Parliamentary resolution voices concern over 'effective paralysis' of Poland's top constitutional court
The European Parliament has declared in a resolution "effective paralysis" of Poland's Constitutional Tribunal endangers the rule of law, democracy and human rights in the country.
The resolution was initiated by the European People's Party (the largest group in the European Parliament) together with the Party of European Socialists. It was backed by several other parties, including the Liberals and Greens. The resolution passed with 513 votes for, 142 against and 30 abstentions.
Ryszard Legutko, MEP from Poland's ruling Law and Justice party, called the resolution "absurd, damaging, non-credible and counter-productive." Stanisław Karczewski of Law and Justice, Speaker of the Senate, added that the European Parliament resolution was a result of the Polish opposition "informing on Poland" to European institutions.
Janusz Lewandowski, MEP of main Poland's opposition and former ruling Civic Platform party, noted, "most of the MEPs have just said that something bad is happening in Poland and they've said that all of the Poles would have to pay the bills for the mistakes made by the Law and Justice party."

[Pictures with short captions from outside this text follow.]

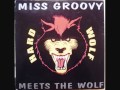 Miss groovy meets the wolf  angels miss groovy remix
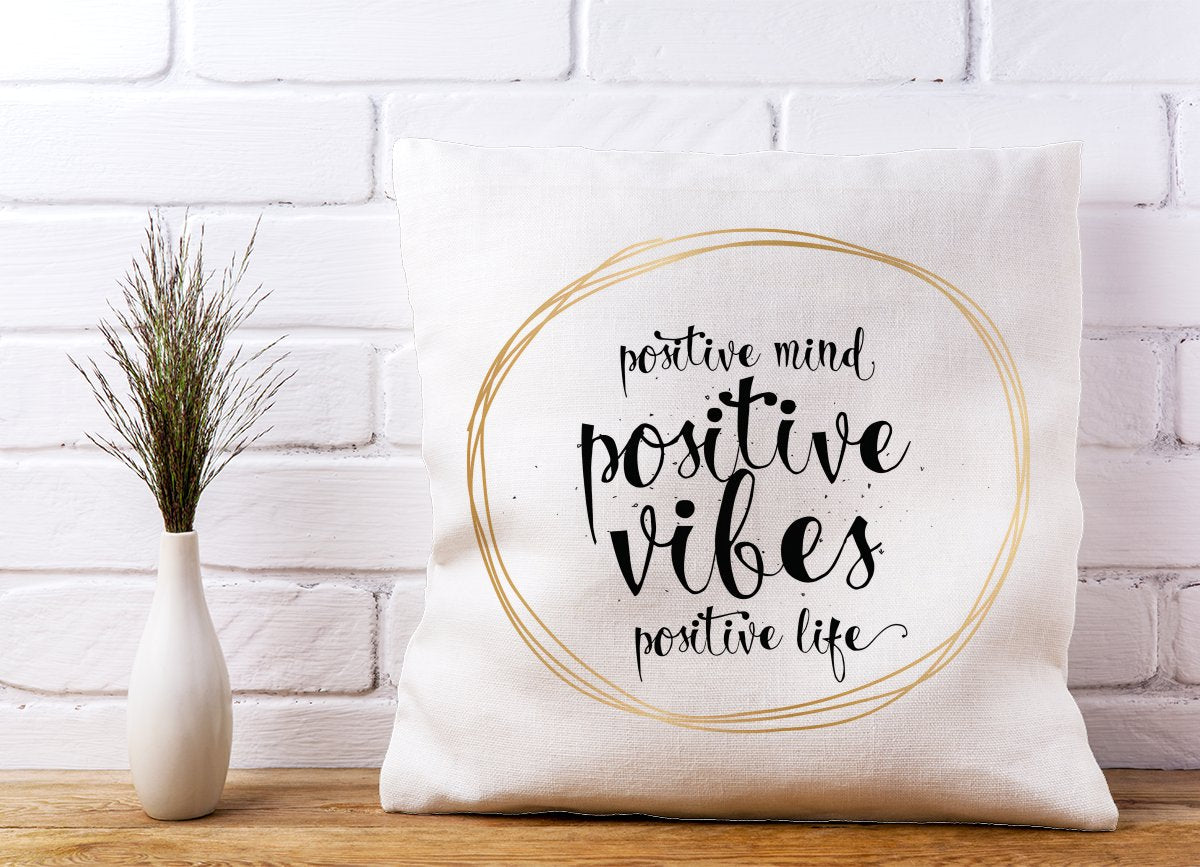 Positive Mind, Vibes, Life Cushions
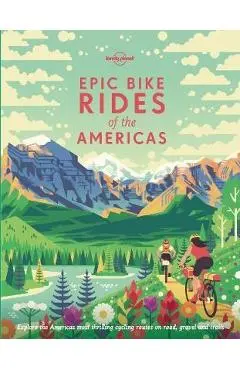 Epic Bike Rides of the Americas -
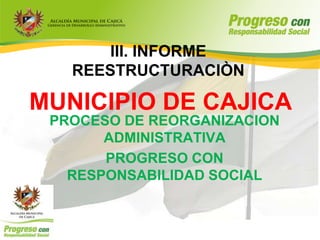 III. INFORME
   REESTRUCTURACIÒN

MUNICIPIO DE CAJICA
 PROCESO DE REORGANIZACION
       ADMINISTRATIVA
       PROGRESO CON
   RESPONSABILIDAD SOCIAL
 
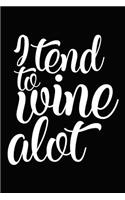 I Tend to Wine Alot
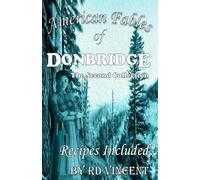 American Fables of Donbridge The Second Collection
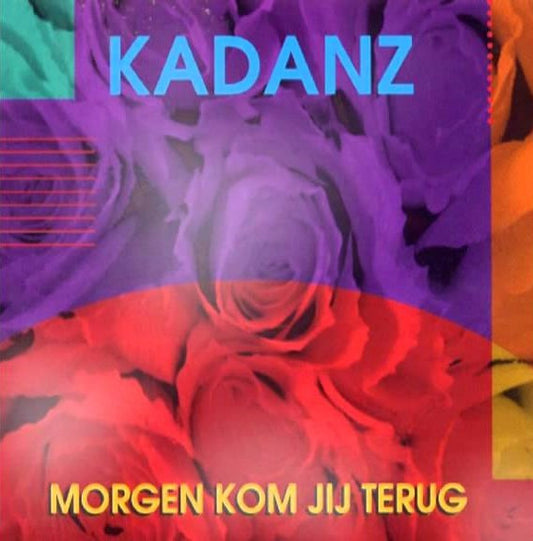 Kadanz : Morgen Kom Jij Terug (CD, Single)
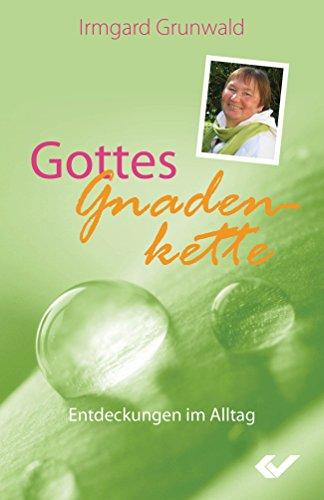 Gottes Gnadenkette: Entdeckungen im Alltag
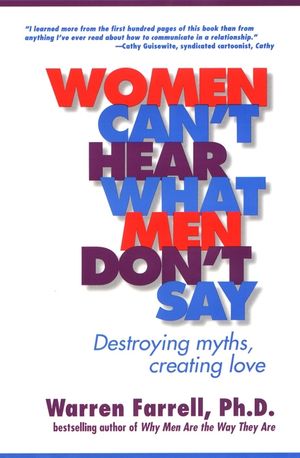 Women Can't Hear What Men Don't Say: Destroying Myths, Creating Love image number 0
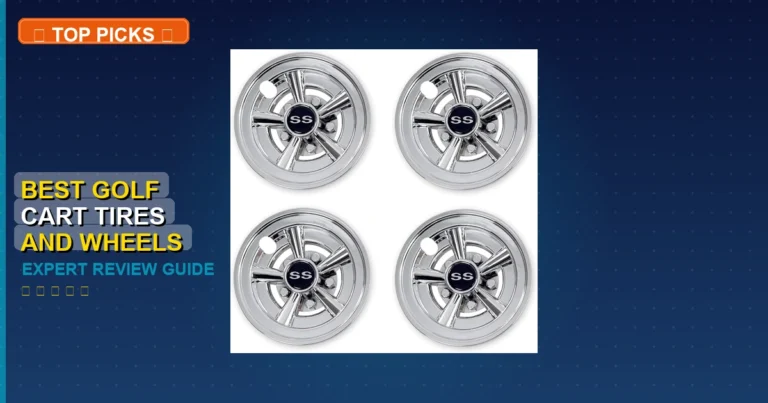 7 Best Best Golf Cart Tires And Wheels: Expert Picks 2026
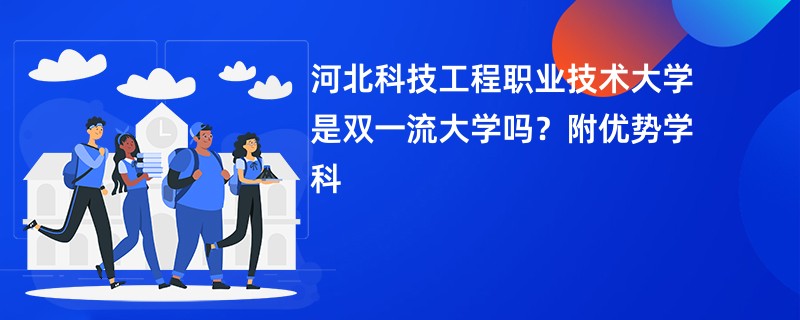 河北科技工程职业技术大学是双一流大学吗？附优势学科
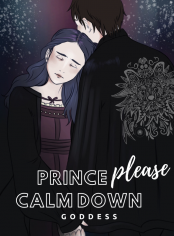 Prince please clam down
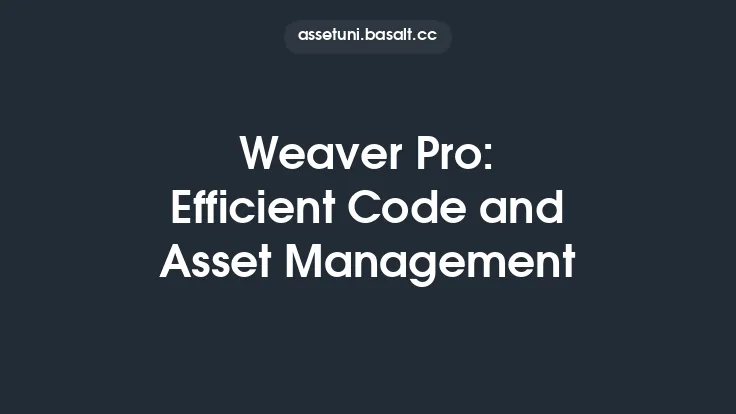 Weaver Pro: Efficient Code and Asset Management Thumbnail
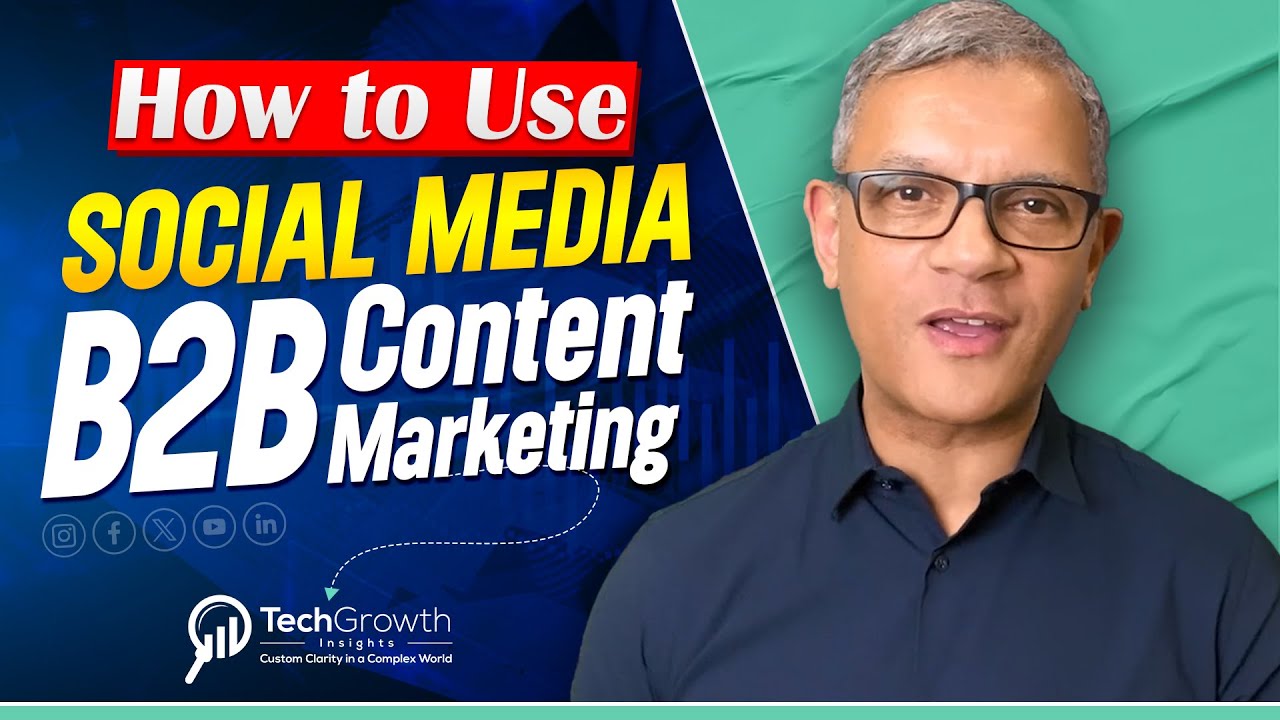 How to Use Social Media for B2B Content Marketing - TechGrowth Strategy & Insights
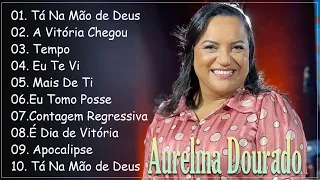 Tá Na Mão de Deus , A Vitória Chegou , Tempo, Eu Te Vi,..  || Aurelina Dourado  Os Hits de 2024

The E.U. has piled on the pressure on Poland's Eurosceptic Law and Justice party for reigning in freedoms of the media and the judiciary in recent months.
The Constitutional Tribunal on March 9 rejected a series of controversial changes to its functions introduced by the Law and Justice Party. The move was aimed to increase the number of judges required to make rulings on the Constitutional Tribunal and change the order in which cases are heard. Critics say the changes have made it difficult for judges to review new legislation, let alone challenge it.
The government refused to recognise court's rejection, effectively putting it in legal limbo.